Small Business Builder: Boosting Minority Business

ByABC News
May 22, 2001, 2:14 PM

May 23 -- Small business is big and getting bigger, and U.S. entrepreneurs are discovering abundant resources, from advice to investors. But conventional services don't always address the particular needs and circumstances of MWBEs minority- and woman-owned business enterprises.

Scores of public and private organizations offer special MWBE assistance. You'll find many of them on the Web site of the Commerce Department's Minority Business Development Agency, or MBDA (see link at right). It has has dozens of useful features.

A handy locator map, for instance, reveals sources of help in or near your zip code. I checked out the Chicago area, limiting my search to agencies offering "all types of services." The locator turned up about 30 organizations, including the Minority Network for Entrepreneurial Training, Accion Chicago, the Asian-American Alliance, Back of the Yards Neighborhood Council, the Chinatown Chamber of Commerce, and the Women's Self-Employment Project.

You can use the site's tools to

Enter your business in the Phoenix Database a listing of minority-owned enterprises doing business in the United States and find minority vendors in the Opportunity Database.

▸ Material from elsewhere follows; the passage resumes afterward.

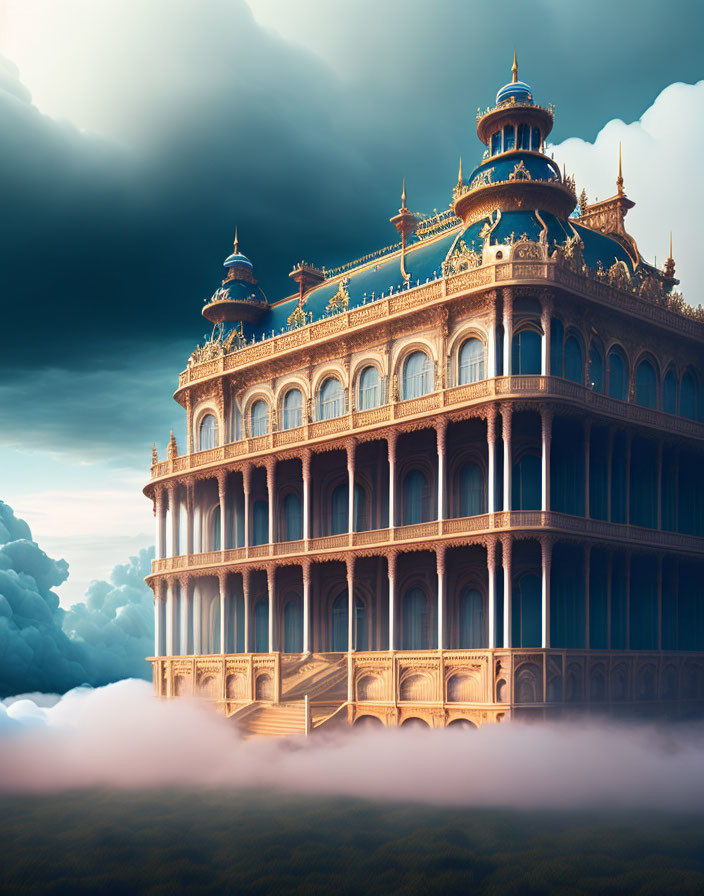 Fantasy architecture: Ornate palace with domes and arches in cloudy sky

Visit one of the comprehensive "virtual business centers," where you'll find technical, financial, business, and market assistance in aquaculture, manufacturing technology, franchising, and international trade.

Click on one of hundreds of links to the agency's regional and local centers, affiliates, and other organizations that support minority business development.

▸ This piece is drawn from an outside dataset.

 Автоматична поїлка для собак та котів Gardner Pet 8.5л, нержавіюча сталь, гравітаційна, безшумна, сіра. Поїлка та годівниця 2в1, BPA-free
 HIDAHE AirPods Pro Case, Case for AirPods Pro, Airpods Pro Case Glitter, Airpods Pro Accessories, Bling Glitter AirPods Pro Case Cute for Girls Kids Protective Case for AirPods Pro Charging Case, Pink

Find news and special reports, such as "Minority Business: Automotive Opportunities."

An Unfair Advantage?

Not everyone thinks this is a good idea. Some label special assistance for selected groups "reverse discrimination."

Adversity.net, for example, claims to represent "the victims and survivors of racial preferences, quotas, set-asides, and race-based 'targets' and 'goals' in hiring, promotion, school admissions, and government contracting." The organization is, frankly, "proud to be doing something about it."